Cadre juridique favorable
Le Sénégal a ratifié la quasi-totalité des instruments juridiques internationaux et régionaux de protection des droits humains, notamment ceux relatifs aux droits des femmes. Au plan national, la loi du 29 janvier 1999, modifiant certaines dispositions du Code pénal, pénalise pour la première fois les mutilations génitales féminines, qu'elle punit d'une peine d'emprisonnement allant de six mois à cinq ans et des travaux forcés à perpétuité lorsqu'elles entraînent la mort. Cette loi a également donné une définition claire des MGF, qu'elle considère comme une "atteinte à l'organe génital féminin par ablation totale ou partielle d'un ou plusieurs de ses éléments, par infibulation, par insensibilisation ou par un autre moyen".
Depuis l'amendement du Code pénal, l'AJS estime que la loi est appliquée. Des poursuites pour MGF ont eu lieu et il existe un certain nombre de précédents. Néanmoins, les détails des affaires sont très limités et les informations sur le suivi des peines ne sont pas largement disponibles.
Bien que ces affaires aient réussi à porter la loi sur la place publique, l'AJS estime qu'elles n'ont pas semblé encourager suffisamment d'autres poursuites ni promouvoir des efforts plus intenses d'application de la loi. De plus, il n'y a pas de cas signalé de poursuites contre des professionnels de la santé pour avoir pratiqué des MGF.
Défis actuels
L'AJS est convaincue que la promulgation de lois ne suffit pas à mettre fin à une pratique profondément enracinée.

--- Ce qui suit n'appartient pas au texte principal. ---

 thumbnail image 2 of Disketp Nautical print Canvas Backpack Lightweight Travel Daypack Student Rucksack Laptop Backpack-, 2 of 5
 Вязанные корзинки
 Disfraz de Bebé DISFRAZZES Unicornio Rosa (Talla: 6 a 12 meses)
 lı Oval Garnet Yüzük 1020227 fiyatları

Un certain nombre de défis entravent l'éradication des MGF. Il s'agit notamment du manque de poursuites rigoureuses des auteurs, du rejet de la loi, de la réticence des victimes à saisir la justice et de la pratique transnationale.

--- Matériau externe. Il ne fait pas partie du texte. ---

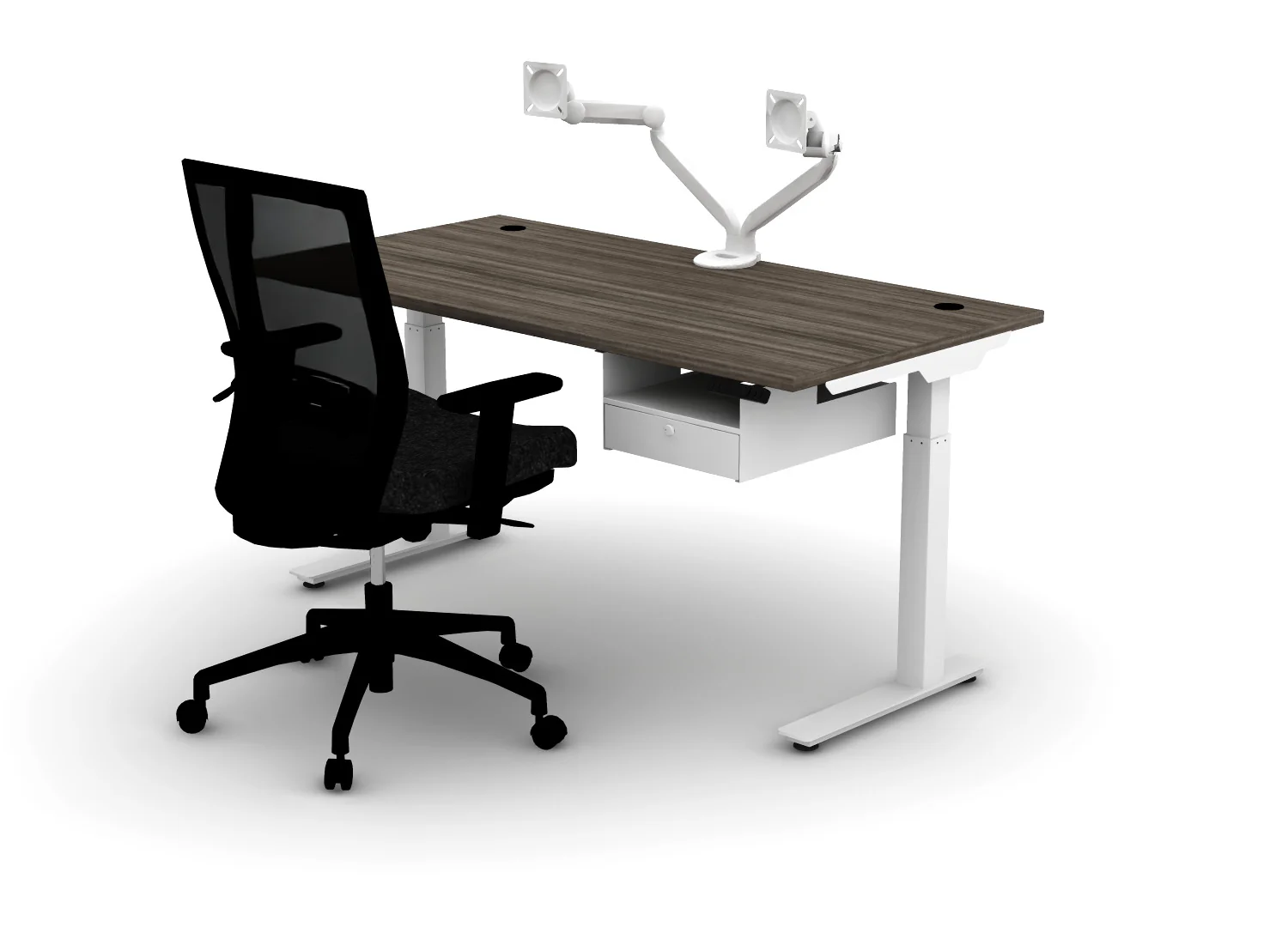 Luxe Office Bundle - Think Desk (sit to stand) - Image 9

C'est dans ce contexte que le groupe de travail juridique sur les MGF, présidé par la vice-présidente de la Banque mondiale, et la Plateforme genre de l'unité de gestion des pays soutiennent la diffusion d'un manuel de formation juridique sur les MGF à l'intention des professionnels.
Cette rencontre avec les acteurs judiciaires s'inscrit dans l'optique de l'organisation de sessions de renforcement de capacités afin d'améliorer les connaissances des participants sur les cadres juridiques nationaux, internationaux et régionaux sur les mutilations génitales féminines (MGF).